# Change of Plans



## flyboy2610 (Jan 20, 2010)

Instead of constructing a 5x19x7 folded dogbone, and basically using most of the available (at the moment) room in the basement, I have decided to build a 5x10 layout on casters. This will allow me to push it into a corner when not in use, but enable me to have access to all areas. The minimum radius is 22", so that should allow me to use some decent steam power. I wanted to have a variety of scenic effects as well. I have a lake, a tunnel, and some hills with a rock cut between the passing/runaround track. I have some industrial areas and a small yard with engine service area. It will also have a small town. The tunnel will enable me to "hide" a train, and I can pretend that it's taking several hours to reach its destination.

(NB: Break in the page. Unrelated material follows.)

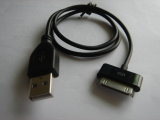 Cable for iPhone (YMC-USB2-AMipod-3B)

Or I can just let it roundy round.
Building on a rectangle means that some tracks have to do double duty, such as the passing siding doubling as a runaround track. The time will come when I can have the whole basement, and then I can do everything just so. But for now, compromises must be made.


----------



## Reckers (Oct 11, 2009)

I'm curious, flyboy...what's the purpose of the "X" configuration in the upper right? It's your layout, of course, but it looks sort of awkward to use.


----------



## flyboy2610 (Jan 20, 2010)

I wanted a facing point industrial spur. Just because.


----------